> **Work item**
Which lines of the entries below run from the one holding "Zapatillas de ante" to the one holding "Минипогрузчик Bruder Schaffer", inclusive? Set down exactly those lines and no others.

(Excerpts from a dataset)
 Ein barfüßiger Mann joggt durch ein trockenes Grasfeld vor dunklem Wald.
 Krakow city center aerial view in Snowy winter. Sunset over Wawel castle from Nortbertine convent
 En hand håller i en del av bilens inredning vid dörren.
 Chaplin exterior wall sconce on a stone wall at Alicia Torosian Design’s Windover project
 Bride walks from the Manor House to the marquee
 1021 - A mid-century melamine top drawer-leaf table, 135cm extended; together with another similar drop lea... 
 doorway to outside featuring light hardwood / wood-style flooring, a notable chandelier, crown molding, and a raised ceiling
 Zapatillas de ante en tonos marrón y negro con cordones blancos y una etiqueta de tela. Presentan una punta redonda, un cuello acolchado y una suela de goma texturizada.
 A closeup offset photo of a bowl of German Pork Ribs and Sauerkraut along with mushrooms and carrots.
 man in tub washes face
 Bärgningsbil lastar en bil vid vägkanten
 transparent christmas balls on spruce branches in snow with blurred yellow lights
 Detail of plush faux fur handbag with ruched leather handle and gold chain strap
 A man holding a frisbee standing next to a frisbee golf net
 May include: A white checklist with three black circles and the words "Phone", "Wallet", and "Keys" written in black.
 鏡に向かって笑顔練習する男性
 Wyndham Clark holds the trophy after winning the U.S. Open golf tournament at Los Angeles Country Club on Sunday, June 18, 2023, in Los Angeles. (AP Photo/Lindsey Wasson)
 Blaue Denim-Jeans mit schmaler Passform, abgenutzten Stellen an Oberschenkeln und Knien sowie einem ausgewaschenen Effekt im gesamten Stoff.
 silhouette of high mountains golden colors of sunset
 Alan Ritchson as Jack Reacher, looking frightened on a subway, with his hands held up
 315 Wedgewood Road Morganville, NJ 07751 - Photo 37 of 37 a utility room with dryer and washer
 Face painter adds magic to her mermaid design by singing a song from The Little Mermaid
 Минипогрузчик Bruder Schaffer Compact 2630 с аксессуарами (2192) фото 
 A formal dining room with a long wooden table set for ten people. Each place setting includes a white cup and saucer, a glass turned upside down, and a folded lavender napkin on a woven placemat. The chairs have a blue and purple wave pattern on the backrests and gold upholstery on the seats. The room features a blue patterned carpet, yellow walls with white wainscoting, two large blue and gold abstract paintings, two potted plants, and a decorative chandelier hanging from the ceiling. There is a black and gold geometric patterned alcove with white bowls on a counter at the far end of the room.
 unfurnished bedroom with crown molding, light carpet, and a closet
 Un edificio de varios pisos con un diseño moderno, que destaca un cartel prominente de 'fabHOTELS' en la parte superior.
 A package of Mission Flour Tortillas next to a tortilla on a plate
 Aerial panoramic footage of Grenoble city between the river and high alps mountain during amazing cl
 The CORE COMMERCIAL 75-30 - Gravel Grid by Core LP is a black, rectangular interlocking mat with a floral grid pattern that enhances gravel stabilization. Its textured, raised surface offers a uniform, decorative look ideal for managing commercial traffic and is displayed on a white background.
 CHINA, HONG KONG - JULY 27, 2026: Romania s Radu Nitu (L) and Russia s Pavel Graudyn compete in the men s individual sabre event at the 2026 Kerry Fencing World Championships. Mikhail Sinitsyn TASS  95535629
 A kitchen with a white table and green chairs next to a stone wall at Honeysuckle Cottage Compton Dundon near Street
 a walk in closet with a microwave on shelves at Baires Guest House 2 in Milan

> **Written solution**
 Zapatillas de ante en tonos marrón y negro con cordones blancos y una etiqueta de tela. Presentan una punta redonda, un cuello acolchado y una suela de goma texturizada.
 A closeup offset photo of a bowl of German Pork Ribs and Sauerkraut along with mushrooms and carrots.
 man in tub washes face
 Bärgningsbil lastar en bil vid vägkanten
 transparent christmas balls on spruce branches in snow with blurred yellow lights
 Detail of plush faux fur handbag with ruched leather handle and gold chain strap
 A man holding a frisbee standing next to a frisbee golf net
 May include: A white checklist with three black circles and the words "Phone", "Wallet", and "Keys" written in black.
 鏡に向かって笑顔練習する男性
 Wyndham Clark holds the trophy after winning the U.S. Open golf tournament at Los Angeles Country Club on Sunday, June 18, 2023, in Los Angeles. (AP Photo/Lindsey Wasson)
 Blaue Denim-Jeans mit schmaler Passform, abgenutzten Stellen an Oberschenkeln und Knien sowie einem ausgewaschenen Effekt im gesamten Stoff.
 silhouette of high mountains golden colors of sunset
 Alan Ritchson as Jack Reacher, looking frightened on a subway, with his hands held up
 315 Wedgewood Road Morganville, NJ 07751 - Photo 37 of 37 a utility room with dryer and washer
 Face painter adds magic to her mermaid design by singing a song from The Little Mermaid
 Минипогрузчик Bruder Schaffer Compact 2630 с аксессуарами (2192) фото 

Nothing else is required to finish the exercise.